I kind of like it though, it can confuse me but it's interesting when it happens.


----------



## IncredibleMouse (Jul 20, 2010)

Didn't someone just post a thread like this last week?


----------



## nebrada (Apr 22, 2011)

IncredibleMouse said:


> Didn't someone just post a thread like this last week?


If that's a deja vu joke, I love it.

I get it nearly every day, usually its minor things, however sometimes I'll experience for several minutes straight and it freaks me out. I love when intense deja vu occurs.


----------



## IncredibleMouse (Jul 20, 2010)

nebrada said:


> If that's a deja vu joke, I love it.


Someone just asked me that same question the other day.


----------



## themartyparade (Nov 7, 2010)

Sometimes.

Whenever it's happened lately though, I can't tell whether the situation has actually occurred before or not and I just end up confused.


----------



## Cheveyo (Nov 19, 2010)

I get it fairly regularly. It's rarely anything important.

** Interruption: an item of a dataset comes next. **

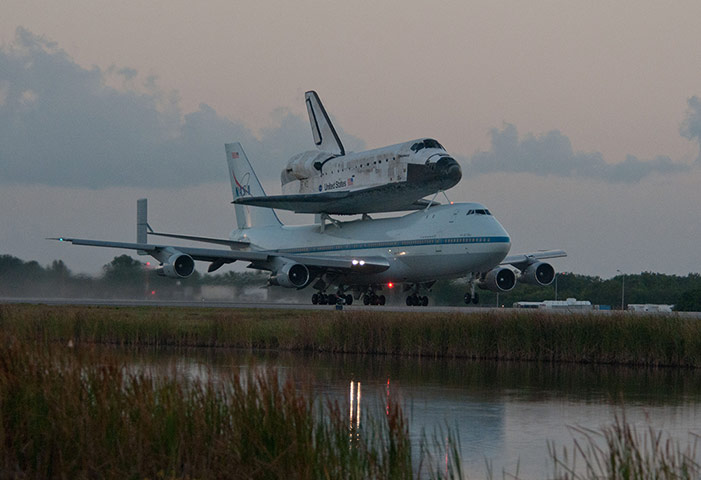 Space Shuttle: The space shuttle Discovery takes off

Like I'm talking to someone and turn to look at something and it hits me: "Didn't I already have this exact conversation at this exact location before?"


----------



## Sosekopp (May 2, 2011)

Rarely. I often have jamais vu experiences, though.


----------



## kiskadee (Jan 9, 2009)

All the bloody time. And it can last for a pretty long time, too; sometimes over a minute. I consider it rather unpleasant; it feels like I'm not in control of anything I say or do, like I'm just somebody's puppet.


----------



## Noble4 (Feb 1, 2011)

Oh my god......I get this shit sometimes. like few times a week. I'm like "OmG this just happened!!!" and then start to freak out and then when I tell my friends they think I'm high or something.


----------



## Longdove (Jan 4, 2011)

Oddly enough, upon coming across this post just now, it made me realize how I have not experienced a dejavu' in at least the last 3 months, even though it is otherwise a daily occurrence prior to that, with as many as five times a day when it's active, maybe it has something to do with how much constant sleep I either get or not get for all I know.


----------



## Konan (Apr 20, 2011)

Yeah I have a lot recently though it seemed to have slowed down a bit but still get the "deja vu" effect.


----------



## Unicorntopia (Jun 18, 2010)

I used to get it everyonce in a while when I was a kid but now I feel that I am in a constant partial state of deja vu. I think it was from all the lucid dreaming I did in my teen years and all the recent subconscious surfacing I've been doing. My next goal is to find a person I can have a streaming connection with on a normal and deeper level. I think this may open up new doors of wonder & awesome possibilities. I have had my eye on this goal since I was a preteen. I have realized many other similar type goals since then and believe this one is possible too.


----------



## ZdAries (May 2, 2011)

I have them quite often.
This has been happening to me ever since I was younger.


----------



## Mithrandir (May 10, 2011)

Whenever I have it, remembering that what happened is deja vu is usually part of the deja vu, is that weird?


----------